OpenStack is broken up into services to allow you to plug and play components depending on your needs.
An OpenStack deployment contains a number of components providing APIs to access infrastructure resources.
- Compute
- Nova - Compute Service
- Zun
- Hardware Lifecycle
- Ironic
- Cyborg
- Storage
- Networking
- Neutron - Networking
- Octavia - Load Balancer
- Designate
- Shared Services
- Orchestration
- Heat - Orchestration
- Senlin
- Mistral
- Zaqar
- Blazar
- Workload Provisioning
- Magnum
- Sahara
- Trove
- Application Lifecycle
- Masakari
- Murano
- Solum
- Freezer
- API Proxies
- EC2API
- Web Frontend
- Horizon
- Nova is the OpenStack project that provides a way to provision compute instances (aka virtual servers).

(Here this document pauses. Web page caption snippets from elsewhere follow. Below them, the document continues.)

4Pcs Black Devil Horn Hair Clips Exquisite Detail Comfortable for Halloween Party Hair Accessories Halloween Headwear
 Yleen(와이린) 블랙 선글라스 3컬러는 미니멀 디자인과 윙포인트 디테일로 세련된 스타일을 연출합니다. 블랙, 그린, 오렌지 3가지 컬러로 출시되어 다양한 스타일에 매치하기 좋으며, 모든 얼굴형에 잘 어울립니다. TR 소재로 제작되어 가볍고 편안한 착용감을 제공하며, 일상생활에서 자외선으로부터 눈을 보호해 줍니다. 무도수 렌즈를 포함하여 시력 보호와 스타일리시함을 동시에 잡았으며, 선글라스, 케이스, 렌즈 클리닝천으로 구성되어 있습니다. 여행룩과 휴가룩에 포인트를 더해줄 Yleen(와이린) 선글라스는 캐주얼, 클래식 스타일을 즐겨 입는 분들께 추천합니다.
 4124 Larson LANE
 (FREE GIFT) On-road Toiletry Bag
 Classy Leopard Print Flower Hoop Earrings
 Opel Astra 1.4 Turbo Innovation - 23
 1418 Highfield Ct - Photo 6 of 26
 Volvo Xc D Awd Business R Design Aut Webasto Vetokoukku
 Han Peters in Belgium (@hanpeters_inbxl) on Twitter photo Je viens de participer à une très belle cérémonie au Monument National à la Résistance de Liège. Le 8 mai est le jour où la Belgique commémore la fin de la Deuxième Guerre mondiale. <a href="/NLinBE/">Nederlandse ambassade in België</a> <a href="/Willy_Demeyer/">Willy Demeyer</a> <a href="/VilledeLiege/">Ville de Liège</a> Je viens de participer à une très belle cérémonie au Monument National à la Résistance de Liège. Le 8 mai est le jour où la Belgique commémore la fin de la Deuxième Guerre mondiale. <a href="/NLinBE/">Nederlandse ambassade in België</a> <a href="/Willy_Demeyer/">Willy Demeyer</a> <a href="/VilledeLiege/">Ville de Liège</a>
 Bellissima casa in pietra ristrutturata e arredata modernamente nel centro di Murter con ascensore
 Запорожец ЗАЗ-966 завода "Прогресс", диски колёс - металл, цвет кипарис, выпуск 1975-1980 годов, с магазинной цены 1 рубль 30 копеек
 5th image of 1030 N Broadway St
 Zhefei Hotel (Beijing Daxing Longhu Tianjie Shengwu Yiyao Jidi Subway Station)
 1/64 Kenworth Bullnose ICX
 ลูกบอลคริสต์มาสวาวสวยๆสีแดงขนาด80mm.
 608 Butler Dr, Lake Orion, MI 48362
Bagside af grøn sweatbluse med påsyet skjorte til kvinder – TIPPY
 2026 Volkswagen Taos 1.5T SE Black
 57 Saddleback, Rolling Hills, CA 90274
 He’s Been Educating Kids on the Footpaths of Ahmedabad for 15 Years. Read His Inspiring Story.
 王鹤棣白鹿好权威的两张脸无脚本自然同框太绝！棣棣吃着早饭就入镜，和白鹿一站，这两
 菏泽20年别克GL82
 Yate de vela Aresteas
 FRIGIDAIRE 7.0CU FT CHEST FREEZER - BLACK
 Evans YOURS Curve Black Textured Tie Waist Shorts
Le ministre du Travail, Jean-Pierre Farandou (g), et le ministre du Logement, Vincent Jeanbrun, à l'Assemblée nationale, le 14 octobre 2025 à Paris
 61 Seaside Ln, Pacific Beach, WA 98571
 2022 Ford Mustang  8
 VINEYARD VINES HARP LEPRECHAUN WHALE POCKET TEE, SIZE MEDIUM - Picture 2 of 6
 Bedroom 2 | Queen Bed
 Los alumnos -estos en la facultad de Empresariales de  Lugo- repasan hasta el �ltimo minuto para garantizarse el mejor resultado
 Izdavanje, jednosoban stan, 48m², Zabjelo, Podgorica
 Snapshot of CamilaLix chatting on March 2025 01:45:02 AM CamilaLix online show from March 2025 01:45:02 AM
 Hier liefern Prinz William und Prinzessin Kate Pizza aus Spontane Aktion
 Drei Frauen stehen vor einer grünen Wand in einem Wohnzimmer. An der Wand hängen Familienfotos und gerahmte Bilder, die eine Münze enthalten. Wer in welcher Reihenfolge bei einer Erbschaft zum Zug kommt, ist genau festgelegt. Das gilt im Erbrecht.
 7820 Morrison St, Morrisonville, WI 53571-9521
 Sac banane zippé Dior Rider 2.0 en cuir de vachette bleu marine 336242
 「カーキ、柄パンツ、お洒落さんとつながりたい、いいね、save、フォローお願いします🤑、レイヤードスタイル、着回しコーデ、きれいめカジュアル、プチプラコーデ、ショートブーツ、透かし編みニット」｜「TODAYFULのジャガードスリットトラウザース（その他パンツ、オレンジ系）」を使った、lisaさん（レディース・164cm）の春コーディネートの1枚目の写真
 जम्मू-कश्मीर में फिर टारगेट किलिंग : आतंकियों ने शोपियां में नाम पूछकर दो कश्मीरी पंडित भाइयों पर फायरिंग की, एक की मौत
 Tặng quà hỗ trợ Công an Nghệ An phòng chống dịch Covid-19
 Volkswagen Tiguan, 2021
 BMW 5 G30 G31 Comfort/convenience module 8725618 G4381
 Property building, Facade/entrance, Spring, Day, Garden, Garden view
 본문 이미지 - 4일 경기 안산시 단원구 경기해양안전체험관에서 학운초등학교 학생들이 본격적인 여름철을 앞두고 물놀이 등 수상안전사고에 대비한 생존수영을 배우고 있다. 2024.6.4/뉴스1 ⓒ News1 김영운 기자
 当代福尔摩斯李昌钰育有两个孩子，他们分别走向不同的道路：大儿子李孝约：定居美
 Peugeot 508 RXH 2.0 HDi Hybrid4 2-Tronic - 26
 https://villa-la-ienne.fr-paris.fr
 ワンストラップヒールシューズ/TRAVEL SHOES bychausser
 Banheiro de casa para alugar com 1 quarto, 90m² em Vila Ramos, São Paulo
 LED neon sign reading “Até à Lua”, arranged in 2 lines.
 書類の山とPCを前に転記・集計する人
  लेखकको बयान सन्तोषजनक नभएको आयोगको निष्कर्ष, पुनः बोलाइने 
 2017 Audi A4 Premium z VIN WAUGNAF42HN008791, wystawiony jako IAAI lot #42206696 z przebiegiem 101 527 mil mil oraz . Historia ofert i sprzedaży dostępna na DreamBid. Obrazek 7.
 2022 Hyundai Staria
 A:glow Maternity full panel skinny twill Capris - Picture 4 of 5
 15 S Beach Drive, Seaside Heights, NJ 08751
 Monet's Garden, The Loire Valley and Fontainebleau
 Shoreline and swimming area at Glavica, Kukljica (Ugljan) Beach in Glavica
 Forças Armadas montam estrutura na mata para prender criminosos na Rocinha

- Nova supports creating virtual machines, bare-metal servers (through the use of ironic), and has limited support for system containers.
- Nova runs as a set of daemons on top of existing Linux servers to provide that service.
For the basic functionality to work, it needs some of the openstack services. These are Keystone, Glance, Neutron, Placement
- Keystone is an OpenStack service that provides API client authentication, service discovery, and distributed multi-tenant authorization by implementing OpenStack’s Identity API.
- Swift is a highly available, distributed, eventually consistent object/blob store. Organizations can use Swift to store lots of data efficiently, safely, and cheaply
- Cinder is the OpenStack Block Storage service for providing volumes to Nova virtual machines, Ironic bare metal hosts, containers and more.
- Goals of Cinder are:
- Component based architecture: Quickly add new behaviors
- Highly available: Scale to very serious workloads
- Fault-Tolerant: Isolated processes avoid cascading failures
- Recoverable: Failures should be easy to diagnose, debug, and rectify
- Open Standards: Be a reference implementation for a community-driven api
- Manila is the OpenStack Shared Filesystems service for providing Shared Filesystems as a service.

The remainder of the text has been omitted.